Don’t Freak Over a Bad Review

Got a Bad Review on Google or Facebook?

Don’t panic. Sit back, relax, and listen to Patrick Stewart, read you some actual online reviews about places you know.

What to Do About a Bad Review

First remember that everyone gets a bad review now and then. Even the very best and biggest companies get bad reviews. When you are smaller and reputation is everything, a bad review can be extremely stressful. But don’t panic! Simply remember they will happen and there is a way to deal with them.

Haters Gonna Hate

The examples Mr. Stewart provides are real reviews of some of the most impressive things on our planet. Yet some take the time to go online and complain about them, often with ridiculous demands on what they expect, including that the Statue of Liberty should be an amusement ride.

The people that write these reviews are an unhappy lot in the first place. They are difficult to please and have unreasonable expectations. Or they are sick little inkblots who crave attention and think this is a smart way to get it.

The point is that these people are out there, and sooner or later, one of them will come into contact with your business, just as they do all others.

Don't Let Emotion Take Control

A bad review for a lot of people is like a knife in the back. It hurts, and it can make you very angry.

Rest assured, other people will read it. Then they will make a judgment about the person who wrote it.

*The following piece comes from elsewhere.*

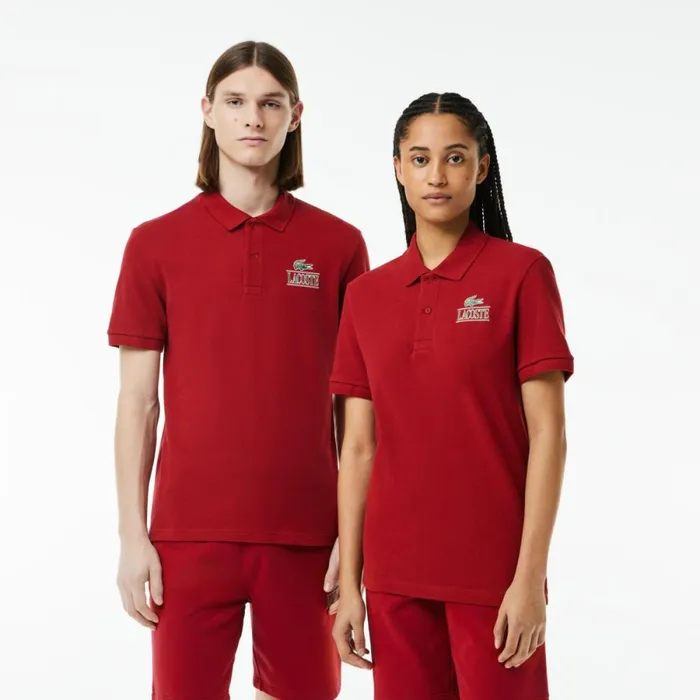Matching Sets Men Lacoste Unisex Signature Print Stretch Piqu Polo Bordeaux Ixx Matching Sets Men Lacoste Unisex Signature Print Stretch Piqu Polo Bordeaux Ixx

Think about that for a moment. Readers will judge the person who wrote it first. Then they will look at the other reviews and comments.

So if you respond in anger, they will read your response and make a judgment on you. Don’t let the new reader do that. Don’t let the bad reviewer win by egging you on into a competition to see who can be meaner.

Take a deep breath, and don’t respond while you’re mad or upset.

If You Can, Reach Out

If this person was in your business and did not say anything about being dissatisfied or unhappy while they were there, a phone call may be in order. Be polite and let them know you saw the review, and you are just wondering what went wrong and how you can help resolve the situation. If it’s reasonable to do so, do your best to make them happy.

If it truly is a reasonable person whose not demanding you do things for free, you might be able to work it out, then request that they remove or update the review.

If you are unable to get a favorable response, move on to the next step.

Don't Respond Online to The Bad Reviewer: Respond to Everyone Else Reading it.

We helped one client with a bad review discover that the person who made it, was in fact, mentally handicapped and living in an assisted living facility. The staff there told us that if this person gets near a computer, she gets a laugh out of writing the worst review she can think of. There was no way to work anything out, so we helped them craft a response to everyone else who happens to read that review.

What kind of respond is entirely dependent on your exact situation, but in general, here’s what you want to do:

1. Acknowledge the issue – keep it simple like “Thank you for letting us know about the issue.”

2. Apologize – a simple “We provide a high quality of service, and we genuinely apologize for not meeting your expectations.”

3. Provide an explanation, if necessary – “We experienced a severe technical issue with our scheduling software, which resulted in the loss of your appointment information. Our provider has since fixed the issue.” Be careful to take responsibility, apologize even if the other party was and wrong, and offer advice on how to re-engage with your company.

4. Offer to compensate the reviewer appropriately. For example, offer 20% off on their next visit.

5. Invite the reviewer to discuss it offline. “Please contact me via phone or email personally, and at your earliest convenience.”

Your response may vary, but those five points generally work and will leave the impression of you as the good guy.

5. Enjoy People Laughing at Your Unreasonable Review

Now that you’ve approached the review calmly and directly, you’ll likely reread it and realize it didn’t matter in the first place. In general, people are reasonable, and when they read a nasty review that is chock full of bad grammar, misspellings, and whining, they will see it as unreasonable.

Don’t believe me? Watch Patrick Stewart again. Read the comments on YouTube for the video. Everyone is laughing at the reviewers, not the review.

Have faith, with a nasty review, potential customers will do the same, and will appreciate a solid response.

Bad things happen. How we respond to them matters more.